PySpark HNSW Library
pyspark-hnsw is a Python library that provides a distributed implementation of Hierarchical Navigable Small Worlds (HNSW) for Approximate Nearest Neighbor (ANN) search on Apache Spark. It enables efficient vector similarity search on large datasets within a PySpark environment, leveraging Spark's distributed processing capabilities. The current stable version available on PyPI is 1.1.0, with a moderate release cadence, including minor updates in recent months.
Warnings
- gotcha There is a discrepancy between the latest PyPI version (1.1.0) and the latest GitHub release (1.2.1). Ensure you are aware of which version you are installing and its associated features/fixes.
- gotcha Building and querying HNSW indices, especially with high dimensionality or large datasets, can be memory and CPU intensive. Adjust Spark executor memory (`spark.executor.memory`), number of partitions (`setNumPartitions`), and HNSW parameters (`setM`, `setEf`) carefully.
- breaking Version 1.2.0 (not yet on PyPI as of 1.1.0) includes a repackaging of classes (`Repackage classes to avoid JPMS issues`). While primarily affecting Java Module System users, this change might alter internal class paths or dependencies that could indirectly impact complex PySpark setups or users relying on specific internal JAR references.

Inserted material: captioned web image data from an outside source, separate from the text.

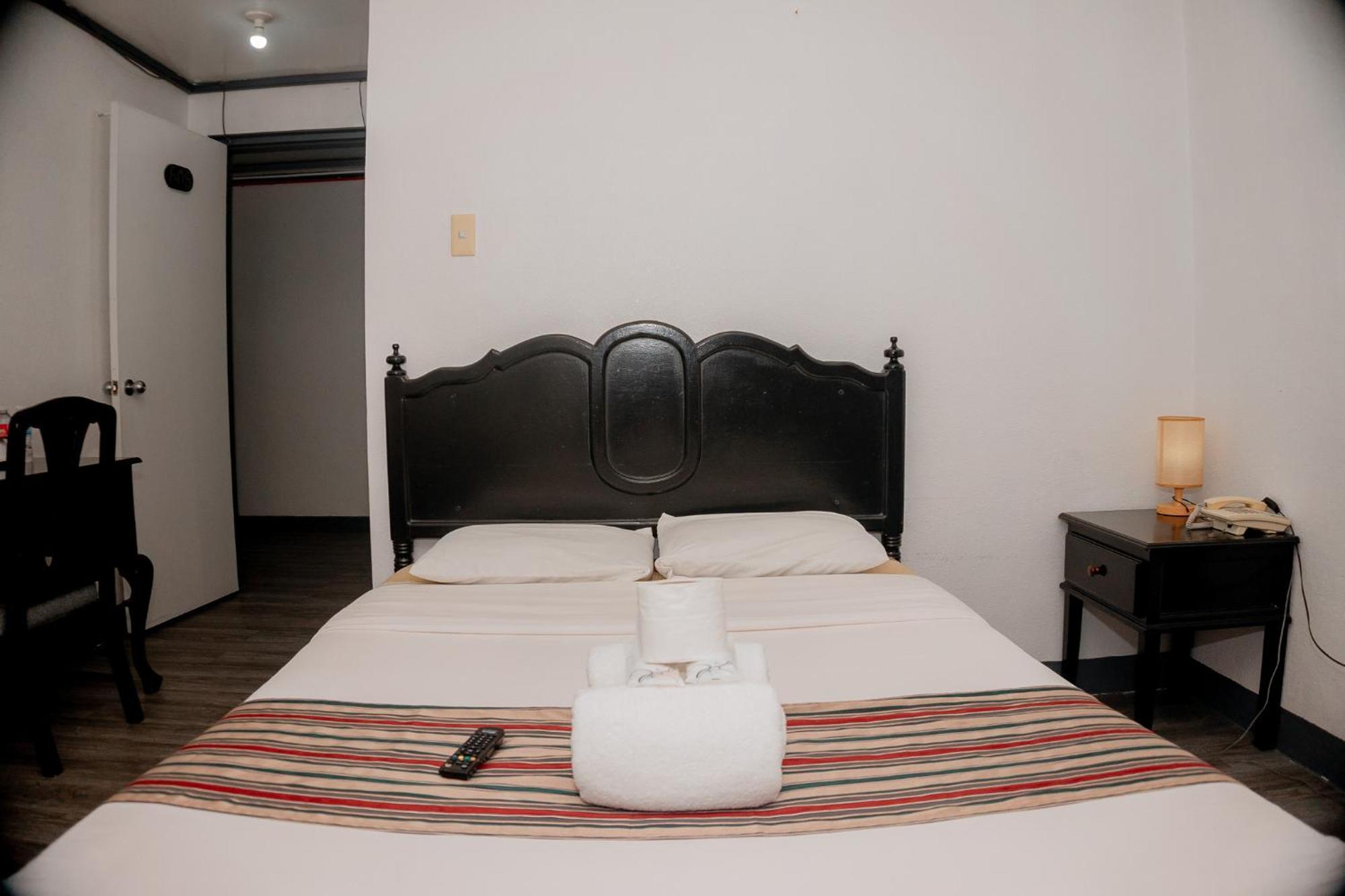 באגויו Mount Crest Hotel מראה חיצוני תמונה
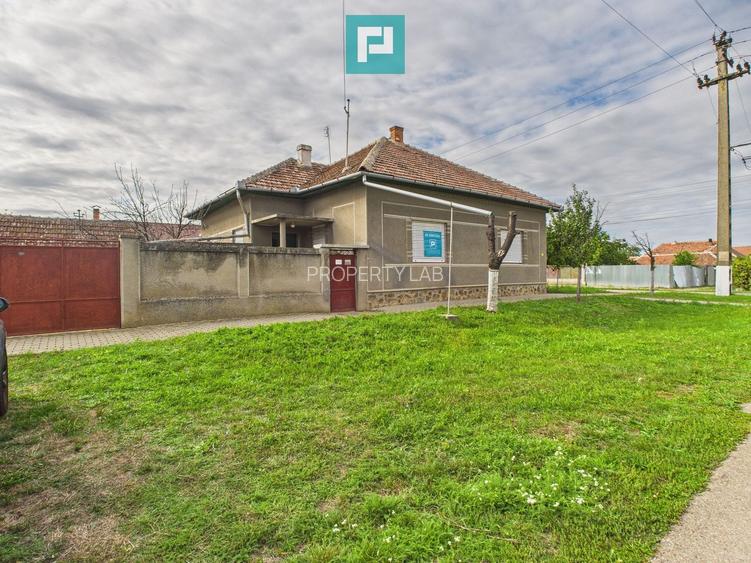 Casă cu teren generos, zonă centrală, Curtici - 21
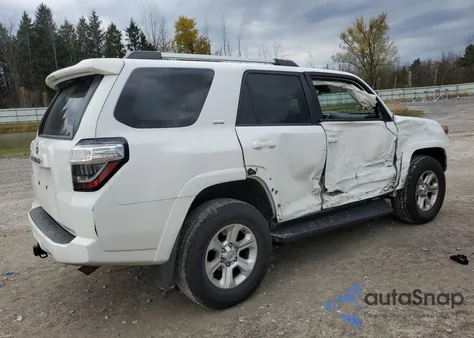 2022 Toyota 4Runner Sr5/Sr5 Premium z USA, uszkodzony, nr VIN JTEMU5JR5N6053826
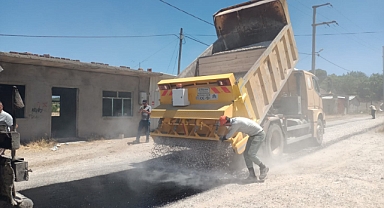 Çanakkale İl Özel İdaresi’nden Ezine’de yol çalışması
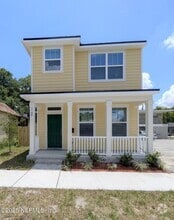 Building Photo - 1148 E 3rd St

- gotcha The `index_path` used to build the index must be accessible and writable by all Spark executors, and it should typically point to a distributed file system like HDFS, S3, or similar. Using a local path will store the index only on the driver or the first executor, which is not suitable for distributed use.
- gotcha Ensure your vectors are in a format compatible with `pyspark-hnsw`, typically `ArrayType(FloatType)`. Mismatched data types can lead to errors during index building or querying.
Install
-
pip install pyspark-hnsw
Imports
- HnswIndex
from pyspark_hnsw import HnswIndex
Quickstart
from pyspark import SparkConf, SparkContext
from pyspark.sql import SparkSession
from pyspark_hnsw import HnswIndex
import numpy as np
import os
# Configure Spark (local mode for example)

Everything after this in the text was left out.